3. Data Storage Issues

Problem: After long-term operation, the SD card may become full or damaged.

Solution:

• Implement circular buffer management to automatically overwrite the oldest records
• Regularly upload data to the server and clear local storage
• Use data compression algorithms to reduce storage requirements

Tip: My current standard practice is to automatically back up fault data once a month and format the SD card. This small action greatly reduces the likelihood of card damage.

Summary and Insights

After implementing over a dozen fault diagnosis systems, I would like to share a few insights:

1. Start Simple: Don’t design overly complex systems from the start. First, implement basic functions and gradually improve them during use.

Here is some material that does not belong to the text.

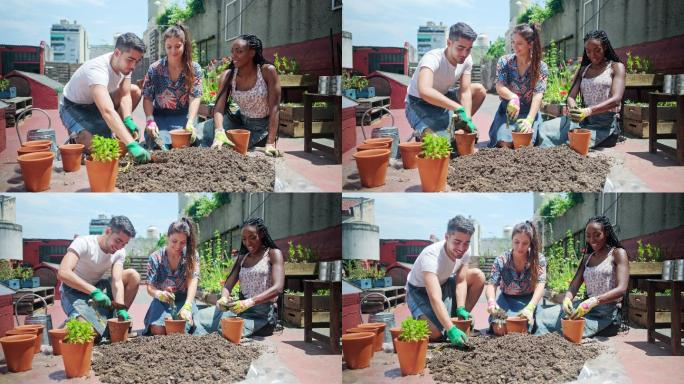 社区成员一起在屋顶花园准备土壤和盆栽植物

2. Value User Experience: The best diagnosis systems are not only technically accurate but also consider the needs of users. A clear and concise interface and clear fault descriptions are more important than complex functions.

3. Continuous Improvement: Treat the fault diagnosis system as an evolving tool, regularly review fault records, and update diagnostic logic.

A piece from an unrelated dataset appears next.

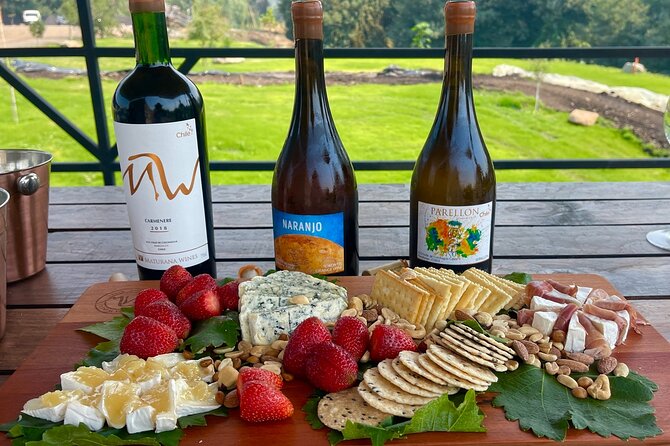 Private Tour at Maturana Wines and VIK Winery With Lunch Pairing - Good To Know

4. Knowledge Accumulation: Encourage engineers to annotate and document solutions for each fault, gradually building a knowledge base for the team.

I remember once, after implementing this system in a factory, an experienced worker told me, “Xiao Li, this system means I no longer have to get up in the middle of the night to run to the factory!” This was perhaps the best feedback I received. The value of technology ultimately lies in its ability to solve real problems for people.

I hope my sharing is helpful to everyone. If you have any questions or suggestions for improvement, feel free to discuss. After all, collective wisdom can make the system better!